蝉散のレビュー:熟考する名作
『蝉散』を一言で表すなら"熟考する"マダミスであるといえます。
これは二重の意味で、作者が熟考して制作した作品であり、プレイヤーが熟考する作品でもあります。
マダミスの傑作にはハリウッド映画的な刺激的でスペクタクルな面白さのある娯楽作品が多いのですが、本作はヨーロッパ映画のような思索的で文芸的な面白さを秘めています。
熟考がわかりやすく表出しているのは作品の形式面です。
マダミスは「決まったルールがなく、作品ごとにルールが異なる」と言われつつ、この4年ほどでシニフィエはおおよそ共同幻想となっています。
たとえばキャラクターシート、キャラクターの目標、客観情報が記載されたカード、密談と全体議論、ポイント消費によるカード取得、多数決による犯人投票などは共通化されています。
これらはマダミスをゲームとしてスムーズに進行するために現実を抽象化したシステムであり、快適にプレイするために要請されるものです。共通化することでプレイヤーへのシステム理解という負担は減ります。
しかし「本当にその作品にとって最適なのか」ということが考慮されず、思考停止して採用されている作品が多々ありますし、システムによってゲームの幅が狭められてしまっているものもあります。
本作ではいわば現象学的な還元がなされ、それらシステムの1つ1つが「本当に必要なのか。作品にとって最適なのか」が真摯に吟味されています。

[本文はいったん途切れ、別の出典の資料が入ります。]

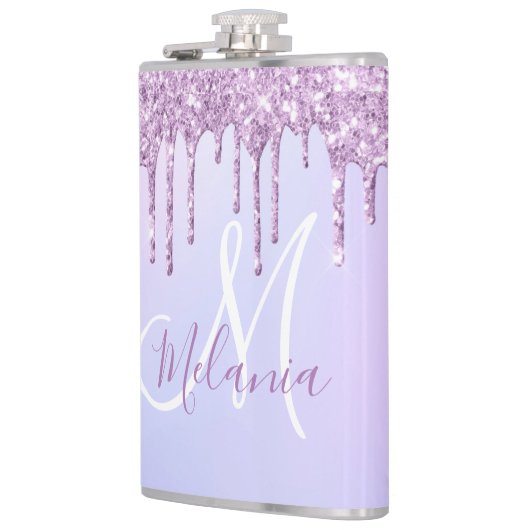 Aangepaste Metallic Paarse Drip Lavender Pour Heupfles (Links)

それはリアリティの追求でもあり、システムによってプレイが窮屈に感じられないように設計されています。
リアリティの追求は世界観やキャラクター構築でも見られます。
マダミスでは犯人役や探偵役、犯人と間違われる役、犯人に味方する役など、ゲームバランスから各キャラクターの役割が要請されます。それ自体はゲームとして成立させるために自明ですが、完成度が低い作品では役割ありきゆえに人物像が不自然になったり、場合によってはプレイヤーにキャラクターの存在意義が透けてしまって興ざめします。
この点、『蝉散』では世界観や人物の造詣、関係性が討究されています。
実在の人物としての人生、行動の動機が端的にまとめられていて、リアルなキャラクターとしての没入感を高めています。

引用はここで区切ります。